A Constituição da República Portuguesa, ao consagrar que o processo penal assegurará todas as garantias de defesa não é compatível com a mera enumeração dos meios de prova utilizados para a decisão. Logo, para que seja possível aquilatar da justeza e validade de determinada decisão é nuclear que a motivação do juízo/processo intelectual seguido em matéria de facto conste da decisão, caso contrário está aniquilado ao arguido a possibilidade de requerer o controlo da legalidade/validade da decisão pela via do recurso. As garantias de defesa do arguido, consagradas no art.º 32º, nº 1, da CRP, impõem que na sentença sejam indicados os elementos que em razão das regras da experiência ou de critérios lógicos constituem o substrato racional que conduziu a que a convicção do Tribunal se formasse em determinado sentido ou valorasse de determinada forma a prova produzida em audiência. O Tribunal relativamente à prova dos factos imputados ao recorrente e às co-arguidas AF…, Lda., I…, Lda., K…, Lda., AG…, Lda. e respectivos representantes legais limita-se a dar como verdadeiro um documento produzido em sede de inquérito sem atender ao depoimento da testemunha em sede de audiência sendo que a motivação de facto não contém o imprescindível exame crítico que permita reconstituir o percurso lógico seguido pelo julgador. Verifica-se pois existir nulidade da sentença (379 nº 1 al. a) do CPP) por inobservância do disposto o artigo 374 nº 2 CPP tornando tal nulidade inválida a sentença proferida o que implica a sua repetição (122 CPP)”
Não tem qualquer razão.
O Tribunal a quo ouviu em audiência de julgamento a testemunha AD…, pessoa que elaborou o relatório ora em causa; e justificou a prova dos factos referidos no inquérito com a transcrição do mesmo, pois dele constavam detalhadamente as facturas e os cheques usados para pagamento, bem como a demonstração de que os mesmos documentavam operações fantasmas.
Nada mais era necessário, pois a credibilidade da testemunha que elaborou o relatório resulta da coerência do relatório e da justificação documental das respectivas conclusões. Perante a coerência do relatório e a justificação documental das respectivas conclusões, o exame crítico da prova mostra-se adequadamente feito, pelo que também nesta parte o recorrente não tem qualquer razão.
(iv) Inconstitucionalidade do art. 103º, 3 do RGIT.
O arguido considera ainda que o n.º 3 do artigo 103º do RGIT é inconstitucional. Para tanto, alega o seguinte:
“(…)
38. Consagrando o nº 3 do artigo 103º do RGIT que Para efeitos do disposto nos números anteriores, os valores a considerar são os que, nos termos da legislação aplicável, devam constar de cada declaração a apresentar à administração tributária, estamos perante uma norma penal em branco verificando-se um procedimento de reenvio para legislação tributária.

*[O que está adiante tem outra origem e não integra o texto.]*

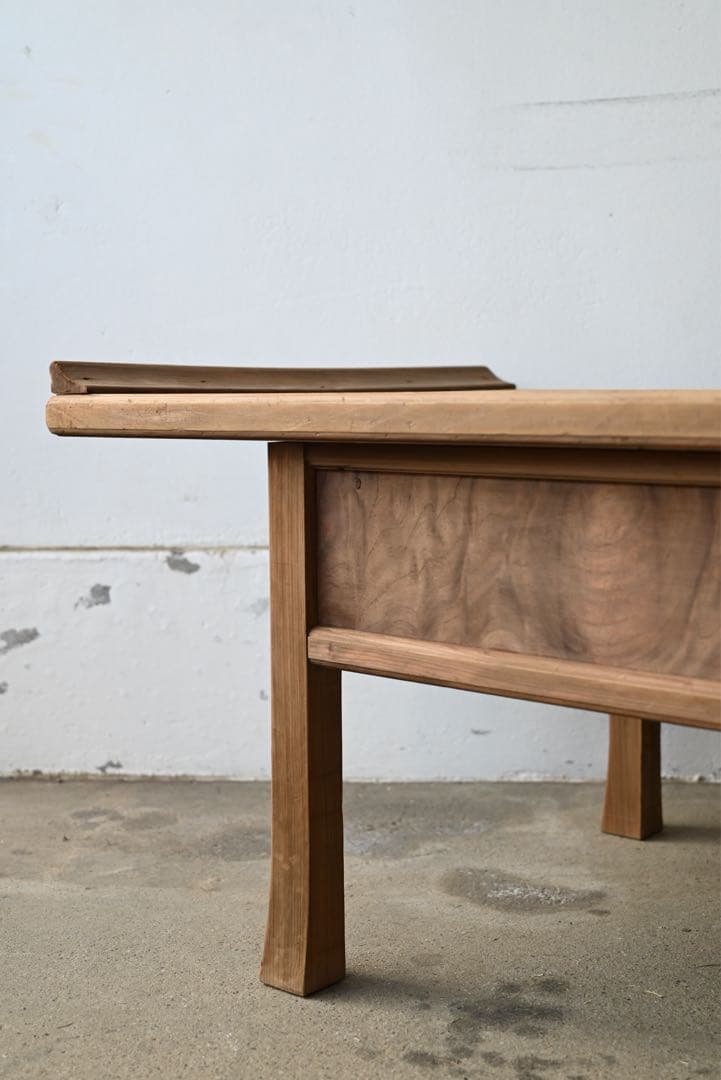 古家具 古道具 アンティーク 展示台 文机 座卓 店舗什器 古美術 骨董 和家具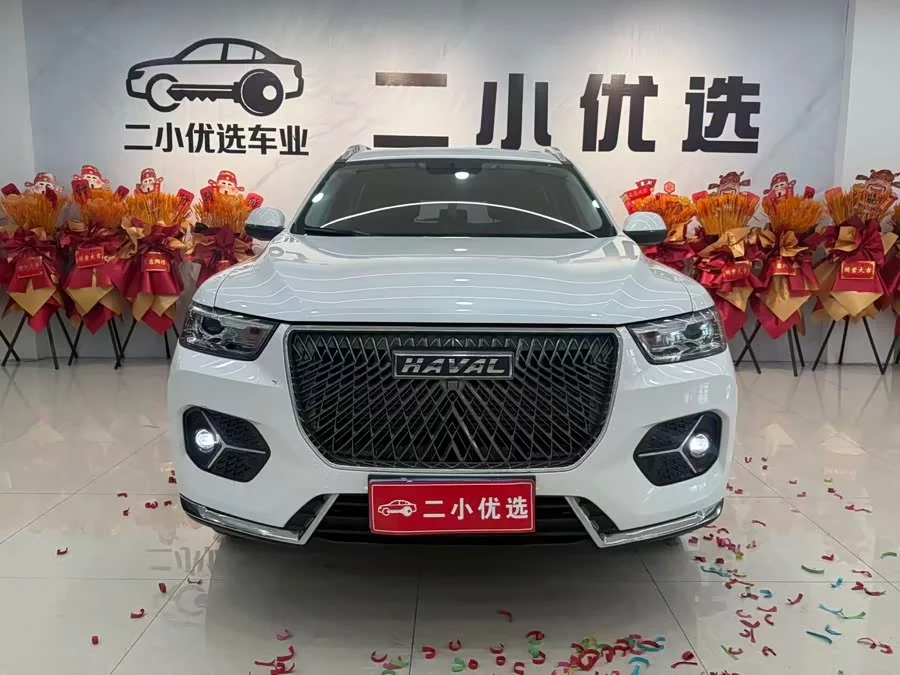Haval H6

39. Sendo as normas penais em branco normas que necessitam de complemento e que tal complemento há-de surgir em disposições externas que originarão uma formulação acabada viola-se o artigo 29 da CRP quando a remissão que o tipo faz para legislação tributária origina uma indefinição dos elementos objectivos da incriminação não sendo os mesmos apreendidos de forma clara pela comunidade sendo tal materialmente inconstitucional.
40. A remissão operada pelo artigo 103 nº 3 do RGIT não é compatível com o principio da legalidade já que a lei penal por si só não permite conhecer aquilo que é proibido já que só pela leitura do CIVA e pela determinação do regime de IVA aplicável ao agente é que poderemos apreender a conduta proibida.
41. O texto da lei penal por si só não dá “possibilidade de conhecimento da actuação penalmente cominada” pelo que é inconstitucional.
42. Atendendo à mutabilidade da legislação fiscal o artigo 103 nº 3 não garante a pré determinação normativa das condutas ilícitas.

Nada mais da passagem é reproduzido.